▶ **YOUR ASSIGNMENT**:
Take the entries that follow and return only the lines from the one with "Selve commeo Timer BT" through the final line, leaving every picture behind.

▶ **Short descriptive text snippets**:

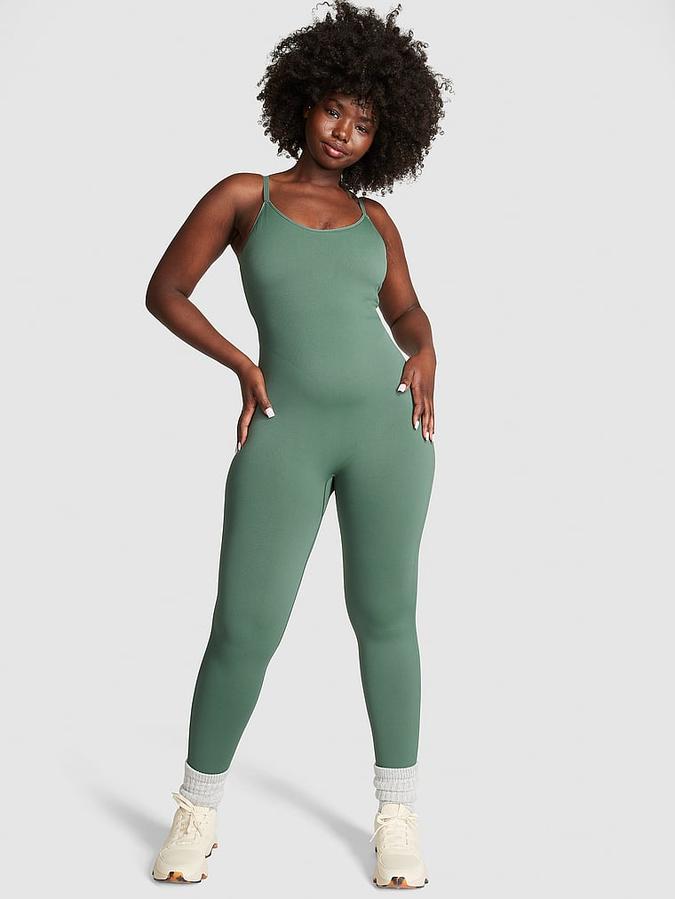 The Wave Soft Seamless Onesie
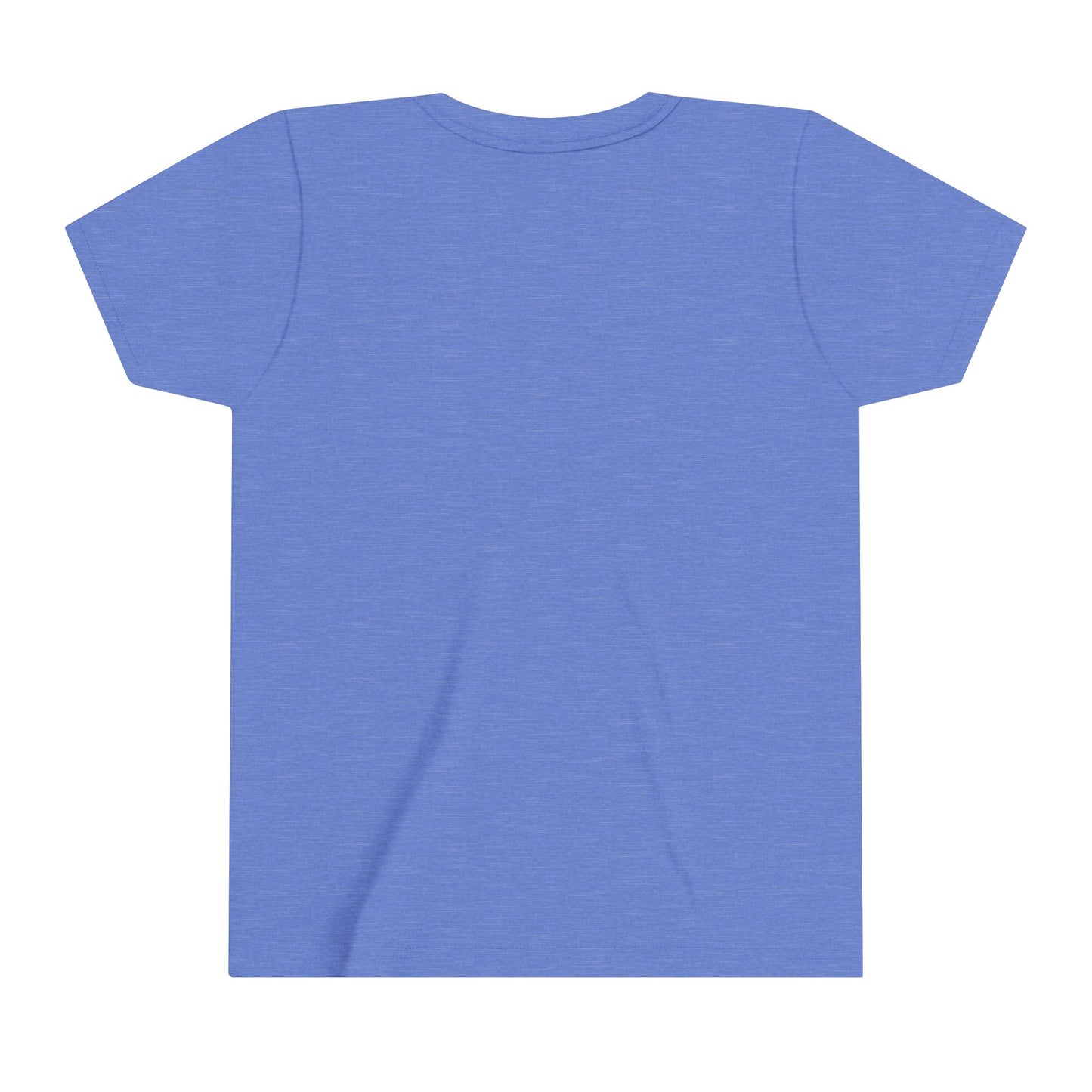 BBS Classic Youth Short Sleeve Tee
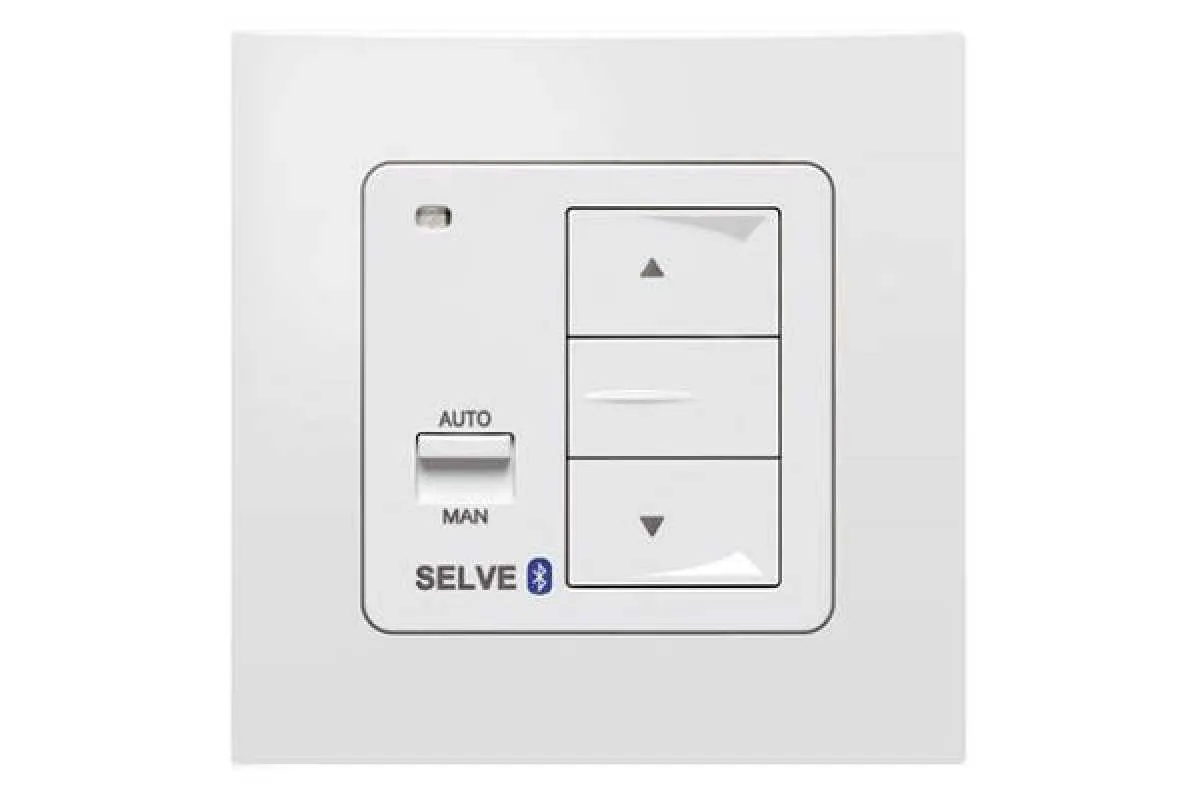 Selve commeo Timer BT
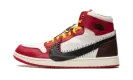 AIR JORDAN 1 ZOOM CMFT 2 WMNS "Teyana Taylor - A Rose From Harlem" FJ0604 601
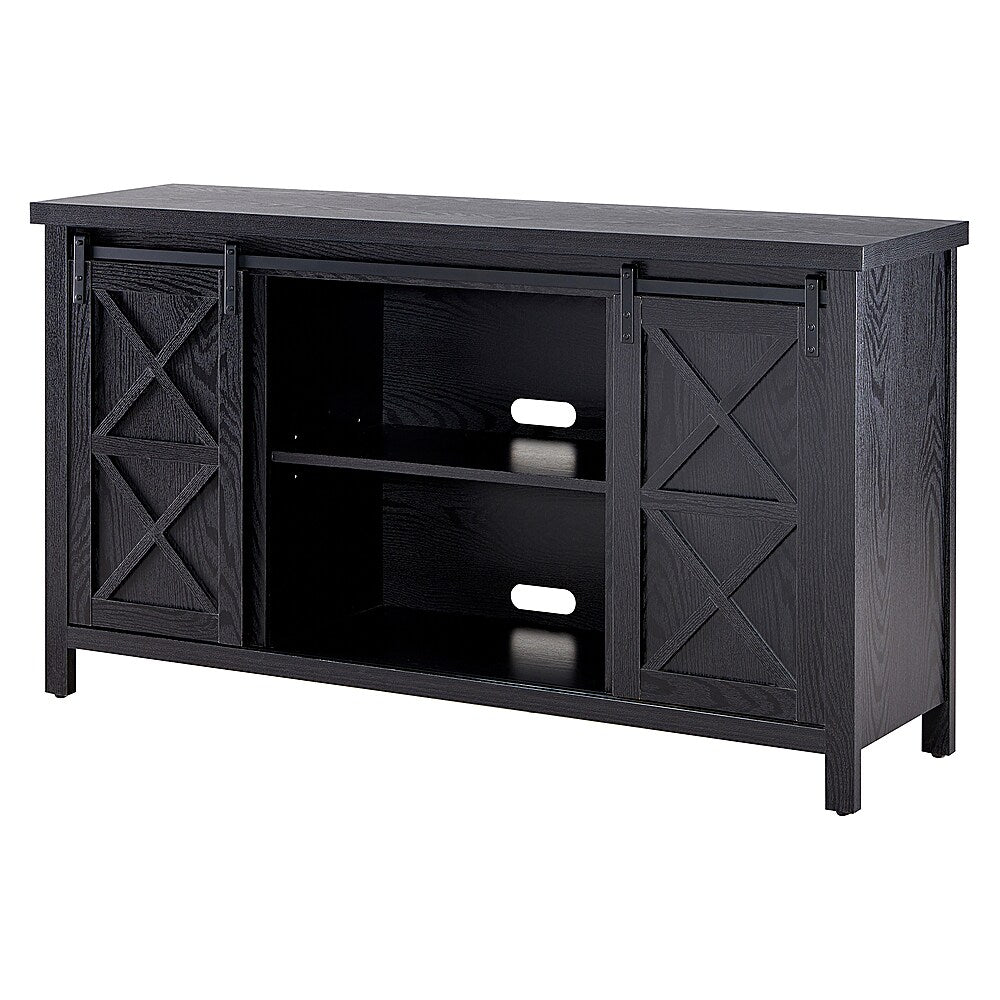 Camden&Wells - Clementine TV Stand for Most TVs up to 65" - Black Grain_6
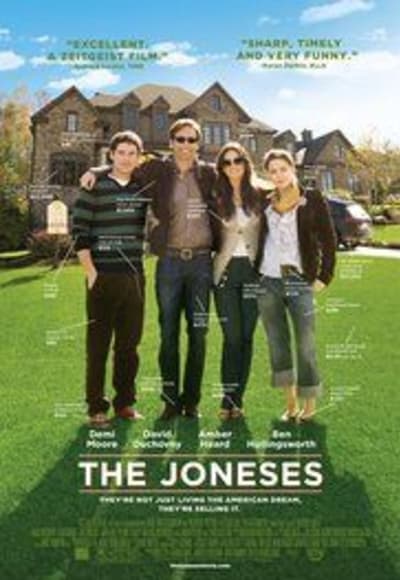 The Joneses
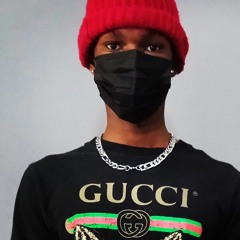 MANDRILO  T-shirt da gucci👽💎PLUGG(Producer: DEVIN MOBB)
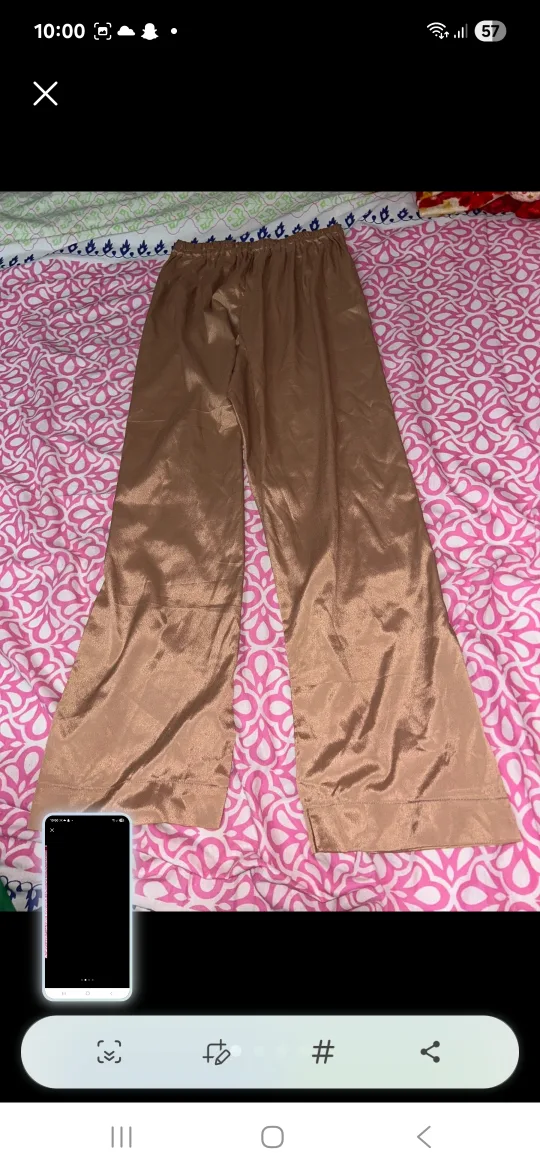 Assorted Colour Lounge Pants thumbnail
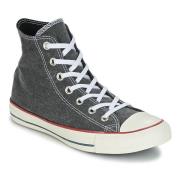 Hoge Sneakers Converse Chuck Taylor All Star Hi Stone Wash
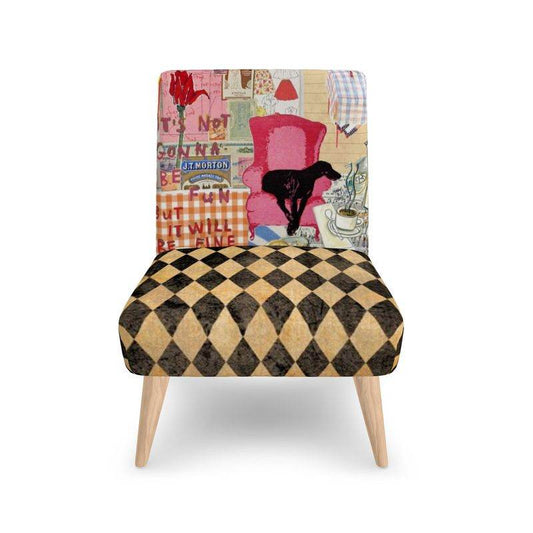 It gonna be fun - MBOSS.US e.K.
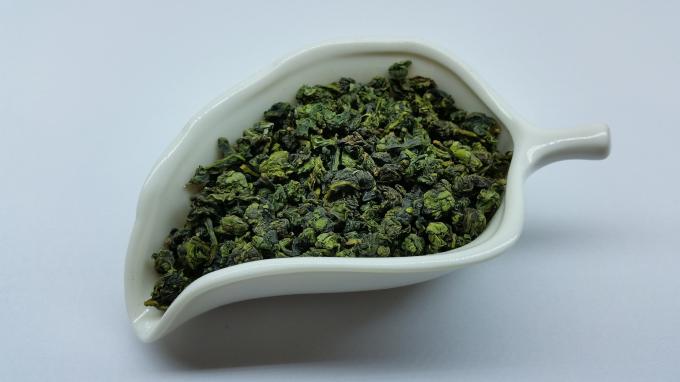 エネルギーTieguanyin ウーロンの茶、混乱-揚げられていた中国の茶タイGuan Yin --を後押しして下さい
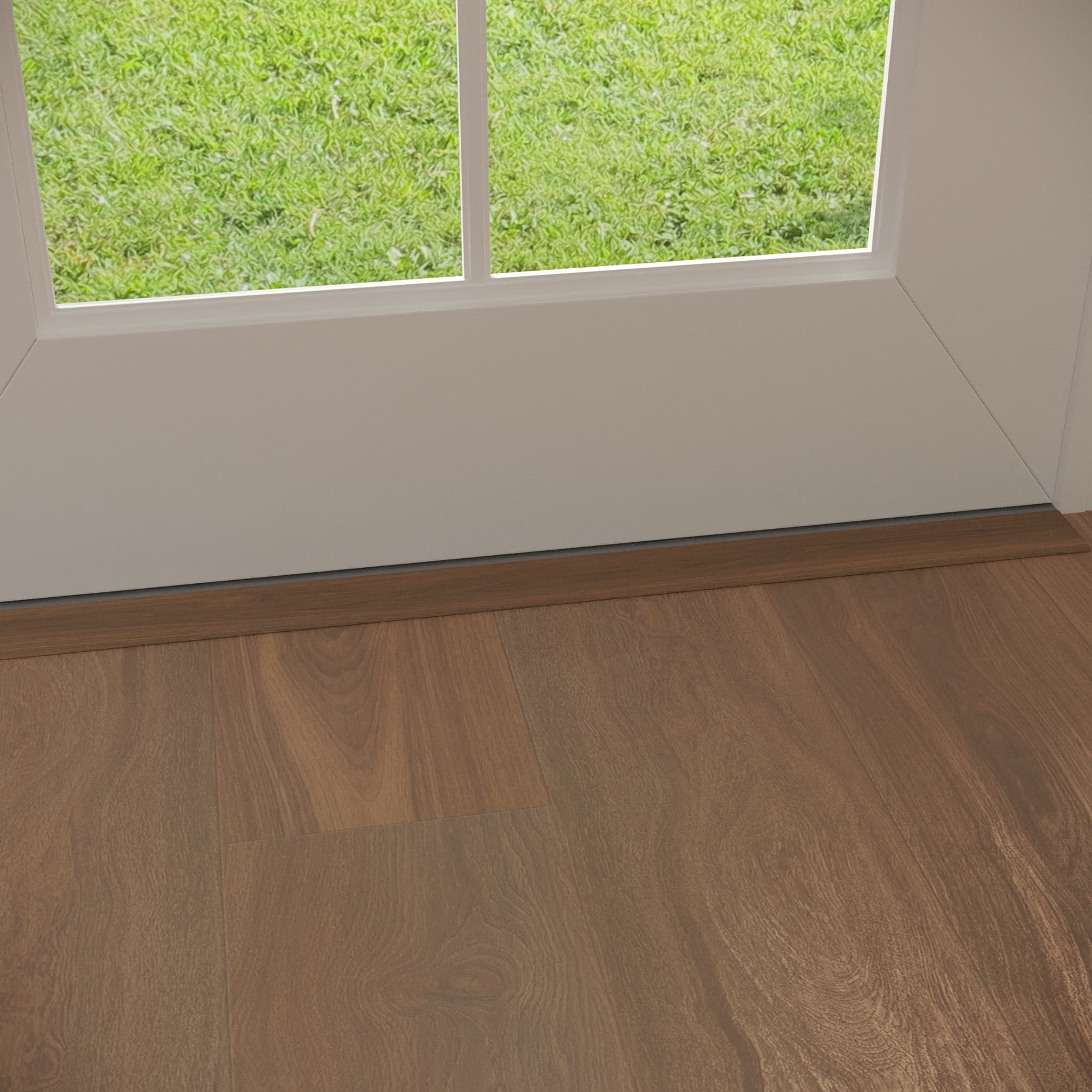 CALI Hang Ten Honey WPC Flooring Longboards Icons Collection - view 2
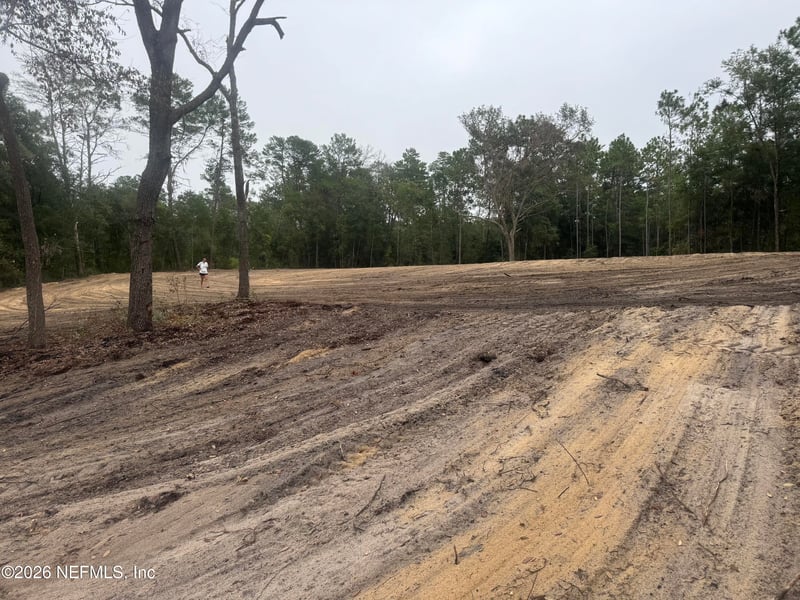 5511 Campo Dr, Keystone Heights, FL 32656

▶ **ANSWER TO THIS EXERCISE**:
 Selve commeo Timer BT
 AIR JORDAN 1 ZOOM CMFT 2 WMNS "Teyana Taylor - A Rose From Harlem" FJ0604 601
 Camden&Wells - Clementine TV Stand for Most TVs up to 65" - Black Grain_6
 The Joneses
 MANDRILO  T-shirt da gucci👽💎PLUGG(Producer: DEVIN MOBB)
 Assorted Colour Lounge Pants thumbnail
 Hoge Sneakers Converse Chuck Taylor All Star Hi Stone Wash
 It gonna be fun - MBOSS.US e.K.
 エネルギーTieguanyin ウーロンの茶、混乱-揚げられていた中国の茶タイGuan Yin --を後押しして下さい
 CALI Hang Ten Honey WPC Flooring Longboards Icons Collection - view 2
 5511 Campo Dr, Keystone Heights, FL 32656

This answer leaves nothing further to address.